Op welk moment acht het kabinet het opnemen van de CdK in de Appa wenselijk en mogelijk? Is het kabinet van oordeel dat de positie van de CdK thans reeds is gebaseerd op de politieke vertrouwensregel of -norm? Zo nee, stelt het kabinet opname van de CdK in de Appa mede afhankelijk van een eventueel voornemen in de toekomst in navolging van de burgemeester ook de CdK rechtstreeks door de bevolking te doen kiezen?

Komt de planning overeen met de wens de regeling voor burgemeesters aan te passen bij de introductie van de gekozen burgemeester?

Opname van de commissarissen van de Koningin in de Appa vloeit voort uit de, ook door de commissie Dijkstal onderschreven wens, om de rechtspositie van politieke ambtsdragers zoveel mogelijk uniform en consistent te regelen. Evenals het huidige burgemeestersambt is ook het ambt van commissaris van de Koningin, los van de aanstellingswijze, «politieker» geworden. Evenmin als een burgemeester die het vertrouwen van de raad ontbeert verder kan functioneren, kan een commissaris zijn ambt uitoefenen zonder het vertrouwen van provinciale staten te genieten. Wat betreft het moment van opname kan opname van de commissarissen van de Koningin én de burgemeesters in de Appa dus in principe ieder moment geschieden. De introductie van de gekozen burgemeester lijkt echter voor de burgemeesters een logisch moment, omdat de rechtspositie van deze groep ambtsdragers ook verder wijziging behoeft. Opname van de commissarissen in de Appa kan gelijktijdig met de invoering van de overige voorgestelde rechtspositionele wijzigingen plaatsvinden.
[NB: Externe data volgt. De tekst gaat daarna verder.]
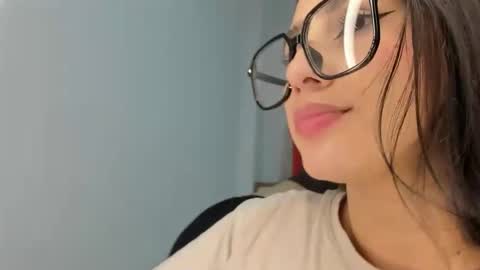 rous_and_sweet09 online show from May 29, 2:53 am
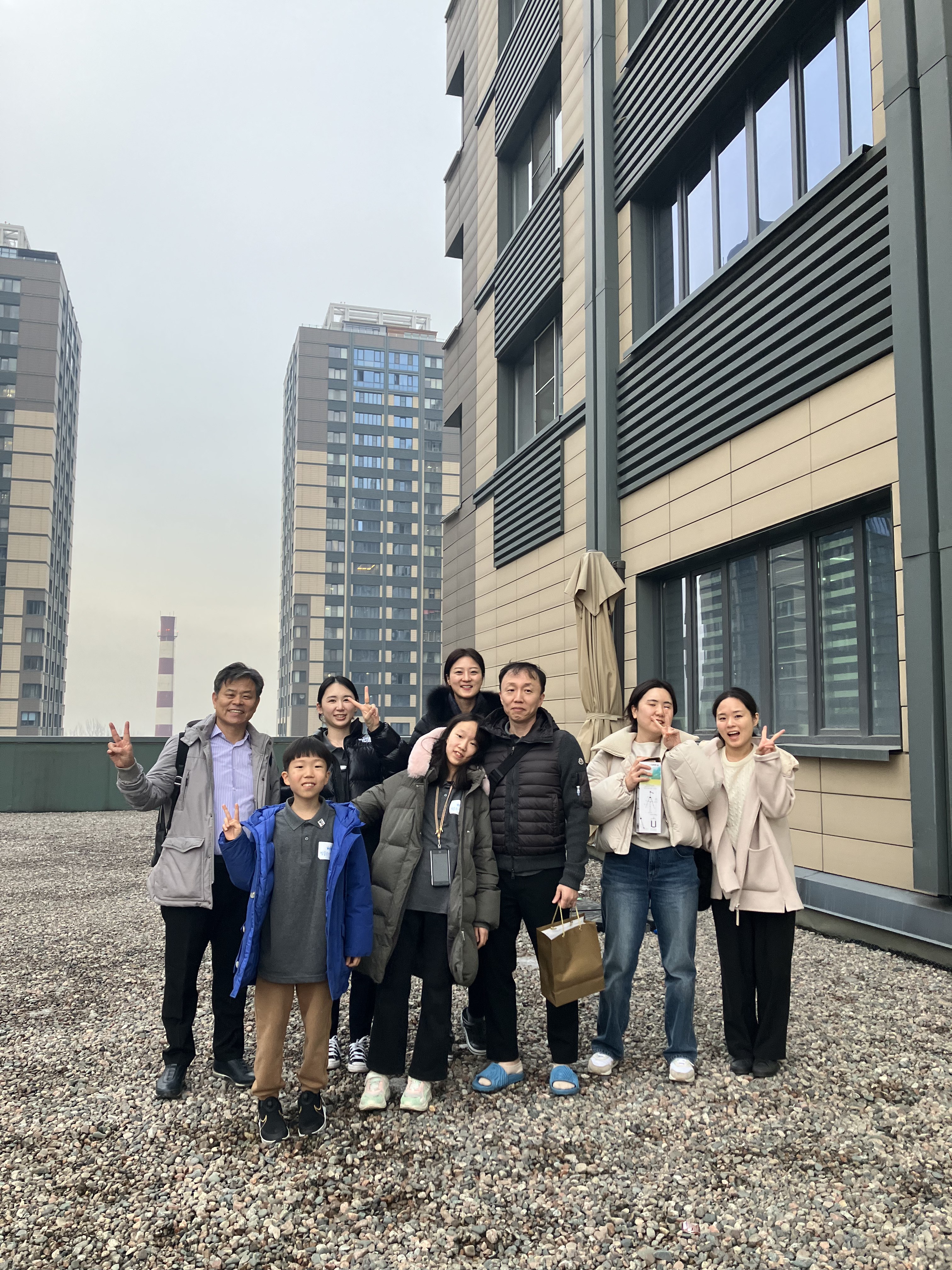 고사리손에 담긴 진심, 세대를 넘어 이어지는 존경과 감사의 마음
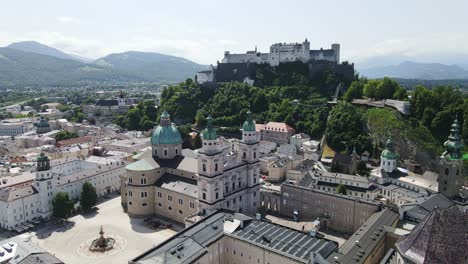 el majestuoso horizonte de salzburgo, la arquitectura histórica y las montañas en el fondo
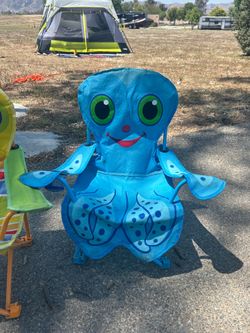 Foldable chair for toddlers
Door middel van een overgangsmaatregel zal worden bewerkstelligd dat er voor individuele ambtsdragers geen verslechtering van het uitkeringsrecht zal ontstaan.

26 en 27

Wordt met het onder de werking van de Appa brengen van burgemeesters en CdK's de mogelijkheid tot onbeperkt bijverdienen (cf. art. 65 Provinciewet) voor CdK's afgeschaft?

Kan het kabinet een indruk geven van de hoogte van de neveninkomsten die CdK's en burgemeesters op dit moment genieten?

De Appa regelt het pensioen, de uitkering bij aftreden en een uitkering bij arbeidsongeschiktheid van politieke ambtsdragers. In zoverre heeft de Appa geen relatie met inkomsten die in een nevenfunctie worden verdiend. Informatie over de hoogte van neveninkomsten, die politieke ambtsdragers naast hun politieke functie verdienen, zijn op dit moment niet openbaar. Informatie over de hoogte van deze inkomsten zijn dan ook niet beschikbaar. Om juist meer transparantie betreffende bijverdiensten te creëren stelt het kabinet in aanvulling op het advies van de commissie Dijkstal voor dat alle inkomsten uit nevenfuncties van fulltime politieke ambtsdragers openbaar worden gemaakt.

28

Indien na openbaar maken van de neveninkomsten blijkt dat fulltime politieke ambtsdragers boven het niveau van een minister uitkomen, wordt dan afbreuk gedaan aan het principe dat het ministerssalaris de top van de piramide vormt?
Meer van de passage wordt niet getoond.